With this, while the underlying data model complexity is exactly the same, the rigour of adding all that structured data is mostly hidden from the user.

Existing component diagram

I'm historically bad at diagrams in general, so forgive these, but hopefully they convey the idea. The classic flow is a client hits the server with CRUD actions after the user has gone through the user interface to set those up, and then the server performs those actions on a database.

flowchart LR U[User] WC[Web Client] API[API Server] DB[(Postgres DB)] U -->|CRUD actions| WC WC -->|CRUD actions| API API -->|CRUD actions| DB DB -->|Read results| API API -->|Responses| WC WC -->|UI updates| U

Proposed component diagram

In this proposed flow, the client hits a so called "agent server" with a natural language payload where the user has described the actions they want taken. This agent server communicates with one of the LLM models over an API (or does local inference) and can extract some structure from the user's prompt and then the agent server can call CRUD actions against the API server which eventually persists these against the database.
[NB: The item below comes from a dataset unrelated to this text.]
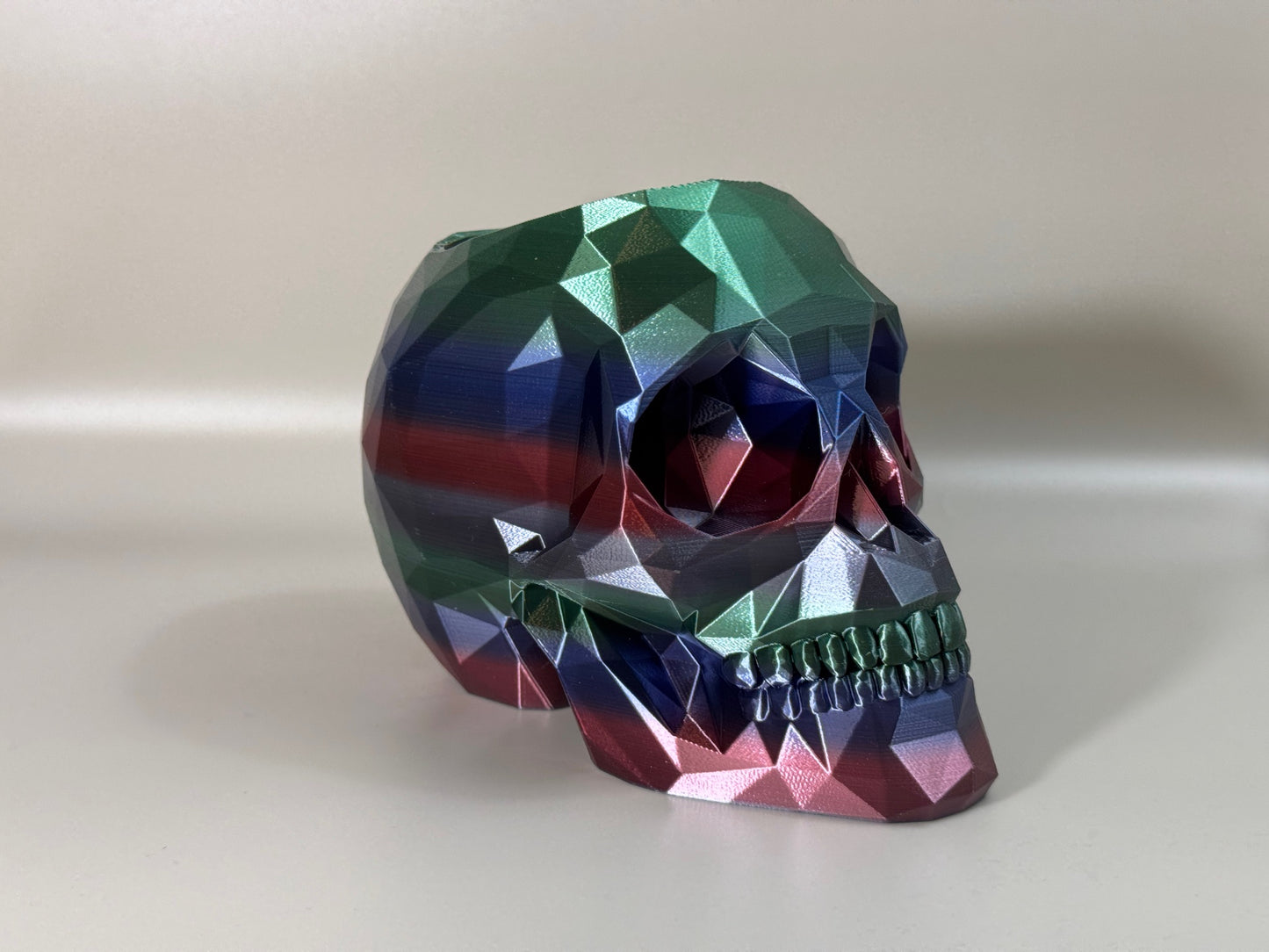 Skull Pen Holder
flowchart LR U[User] WC[Web Client] AS[Agent Server] API[API Server] DB[(Postgres DB)] U -->|Natural language| WC WC -->|Enhanced prompt| AS AS -->|CRUD actions| API API -->|CRUD actions| DB DB -->|Read results| API API -->|Responses| AS AS -->|Proposed changes / summaries| WC WC -->|UI updates| U

The Agent Server

So called, as I described it above. It's a harness for the agent in the same way as applications like Claude Code or OpenCode are. They orchestrate calls to the model, enhance prompts and manage context. Our harness will be far simpler than the illustrious examples I've cited, but I think the idea is similar.
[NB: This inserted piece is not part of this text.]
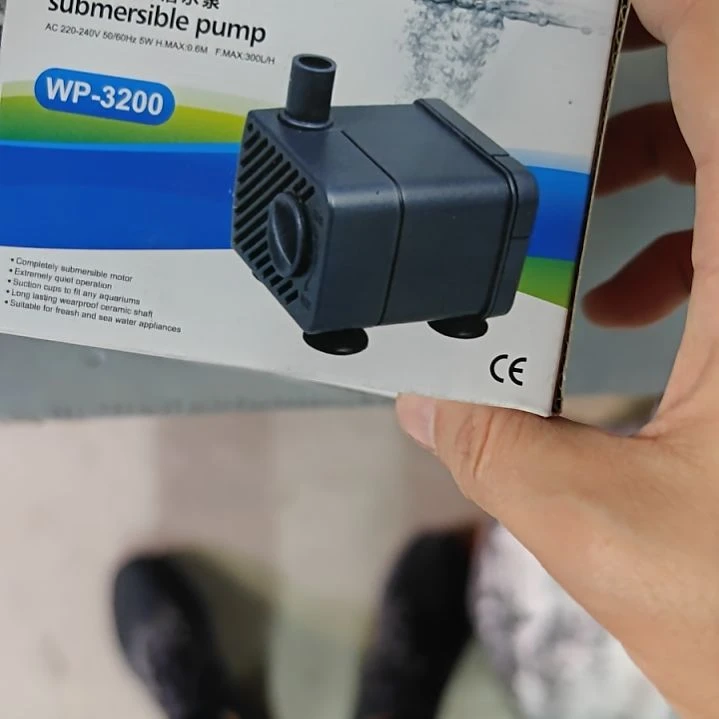 3w 300升定频松宝wp3200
I've learned a lot about this from reading GC Nwogu's Anatomy of an AI Agent (which inspired me to explore this) as well as Thorsten Ball's How to build an AI agent (which I read long ago and never acted on — until now). So a lot of the ideas for how the agent will work are inspired by them.
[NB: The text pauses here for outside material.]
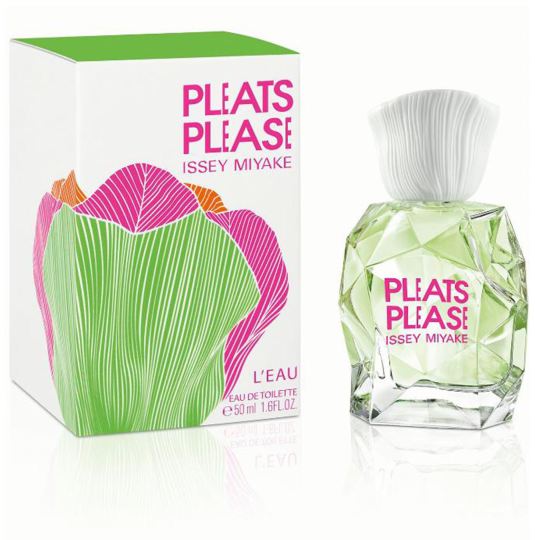 Issey Miyake Pleats please L'eau 50ml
As Thorsten writes in that article, an agent is:

an LLM with access to tools, giving it the ability to modify something outside the context window.

In July 2025, I attended Georges Haidar's talk "Bridging the gap between your API and LLMs" at the Stripe London Developer Meetup. It was the moment the concept of tools clicked for me as API + description for the LLM. So, we'll essentially be converting our entire REST API surface into callable tools for the agent. The harness effectively becomes another client of the API, keeping the mental model simple and not requiring much change on the API side.

We'll use the OpenAPI spec to programmatically generate these tools, so that we don’t have to worry about drift between our API changes and the model calls. In the future, this could evolve into an MCP server for the app, but for now we’ll do something simpler with function calling from within our agent server.

Function calling works by specifying a set of functions, their description and their arguments as tools and passing that to the model along with a prompt. The model can then respond plainly or with a tool call specifying one of your defined functions along with arguments. You can then parse this and run the function before passing the result back to the model. And then the process continues until your task is complete.

sequenceDiagram participant Agent as Agent Server participant Model as LLM participant Tool as Function / Tool Agent->>Model: Prompt + tool definitions alt Plain response Model-->>Agent: Natural language response else Tool call Model-->>Agent: Tool call (function + arguments) Agent->>Tool: Execute function Tool-->>Agent: Function result Agent->>Model: Result as new context loop Until task complete Model-->>Agent: Next response or tool call end end

I intend to have support for multiple providers and have a “bring your own API key” policy. The good news is that Google Gemini API and OpenAI API (the two I’m starting with) both have support for function calling with fairly similar structures.

Conclusion

Got tired of writing. Wrapping up here. Good plan. Now for the execution.

This is only the second model-driven application I’m making. Pretty excited to see it turn out.